Rolf wurde von einem festen Griff an seine Schulter geweckt. Er war kurz nach seinem Bruder schlafen gegangen. Nun stand Ralf vor seinem Bett im dunklen Gästezimmer und flüsterte: “Es ist jemand im Haus.”

“Was? Wer?” rief Rolf.

“Leise, Mensch. Ich kümmere mich. Schließ die Tür hinter mir ab. Wenn ich in fünf Minuten nicht wieder an der Tür bin, ruf die Polizei.”

“Was? Aber…” Rolf war zwar sofort wach, verstand aber überhaupt nichts. Sein Bruder war bereits aus der Tür. Rolf schloss ab und suchte im dunklen Zimmer nach seinem Smartphone. Dann hörte ein paar dumpfe Geräusche und etwas wie ein Stöhnen oder Ächzen. Kurz darauf klang es, als würde jemand zwei schwere Sporttaschen aus großer Höhe zu Boden werfen. Dann Stille. Rolf hielt den Atem an.

“Okay! Komm runter.” Ralfs Stimme.



Ralf Muffels hatte neben seiner Arbeit im Stadtarchiv und dem Interesse an Geschichte eine weitere große Leidenschaft. Von dieser wusste allerdings kaum jemand. Aus Gründen, die ihm selbst nicht ganz klar waren, war ihm dieses Hobby unangenehm. Vielleicht weil sie in keinem größeren Kontrast zu den Tätigkeiten stehen konnte, für die er bekannt war.

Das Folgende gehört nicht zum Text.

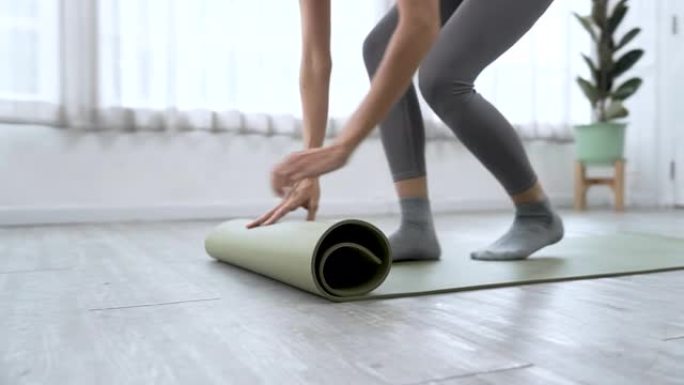 白人妇女铺了一张垫子，为瑜伽锻炼做准备。
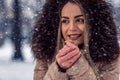 Happy woman in winter snow day blow on her cold hands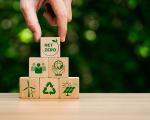 Pile of wooden cubes with net zero logos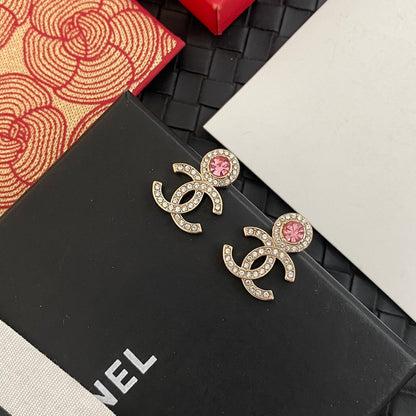Boucles d'oreilles en strass roses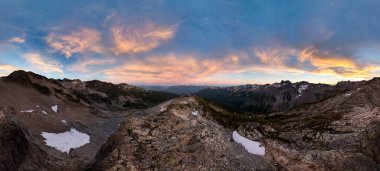 Gün batımında canlı dağ sıraları çarpıcı gökyüzü ve kar parçalarıyla, BC, Kanada.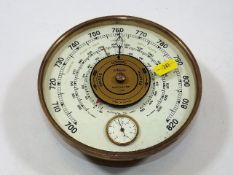 A Jaeger brass barometer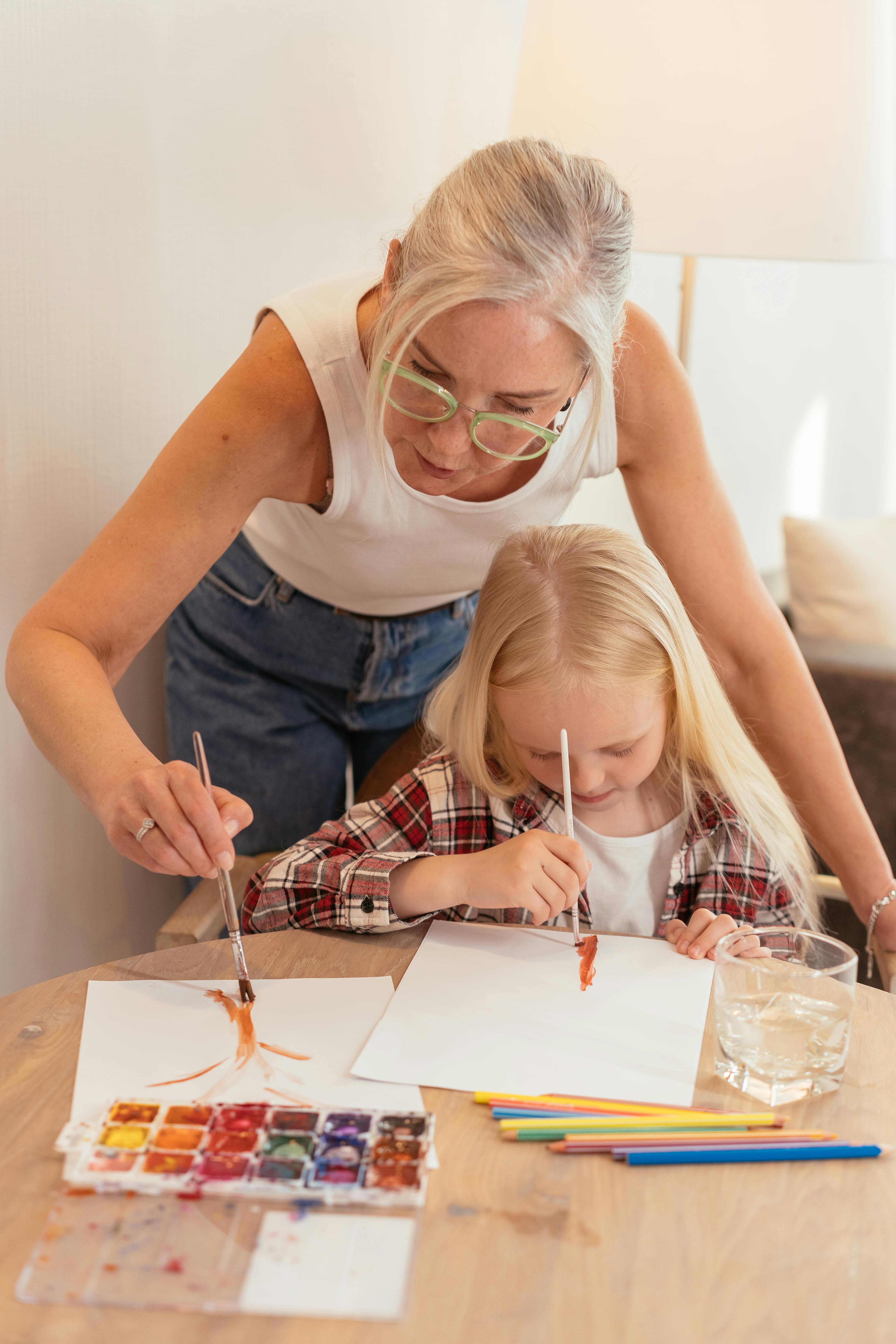 grandmother and child painting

Mixed Martial Arts, kurz MMA, ist ein Vollkontakt-Kampfsport. Hier werden Schlag- und Tritttechniken mit Bodenkampftechniken verbunden. Für Beobachter wirkt dieser Sport besonders brutal, da es durchaus vorkommt, dass der Gegner auch noch am Boden liegend geschlagen und getreten wird.

Als Ralf Anfang der 1990er Jahre zum Studium in die Stadt zog, war sein Mitbewohner Stefan einer der ersten, der diesen Sport auf professionellem Niveau betrieb. Da Ralf neu in der Stadt war und niemanden kannte, freundete er sich schnell mit Stefan an. Nach anfänglichem Zögern begleitete er seinen Mitbewohner zu einer Trainingseinheit. Und war fasziniert. Der Sport war roh und brutal und eine vollkommen neue Welt für Ralf. Gleichzeitig staunte er, wie entspannt und ausgeglichen die Sportler vor und nach dem Training wirkten. Nach einem Probetraining war er schließlich wirklich überzeugt.

Als Ralf nach dem Studium zurück in seinen Heimatort zog, fand er ein paar Orte weiter einen kleinen MMA-Club. Seit über zwei Jahrzehnten war er nun dort Mitglied, fuhr mindestens ein- bis zweimal pro Woche zum Training und prügelte sich. Fair und sportlich natürlich. Wettkämpfe vermied er, darum ging es ihm nicht. Neben seiner doch recht ereignislosen Arbeit, waren die Trainingsstunden für ihn ein absolut ausreichender Adrenalin-Lieferant.



Rolf öffnete vorsichtig seine Zimmertür und lugte durch einen schmalen Spalt. Aus dem Erdgeschoss schien Licht herauf. Er ging hinaus und schaute vom Treppenabsatz in den unteren Flur. Zwei Männer lagen bewusstlos auf dem Bauch. Ihre Hände und Füße waren auf dem Rücken mit Verlängerungskabeln zusammengebunden. Rolf erkannte die beiden sofort. Sie hatten ihn bereits in seiner Berliner Wohnung besucht. Hinter dem außer Gefecht gesetzten Schlägerkommando stand Ralf. Er grinste.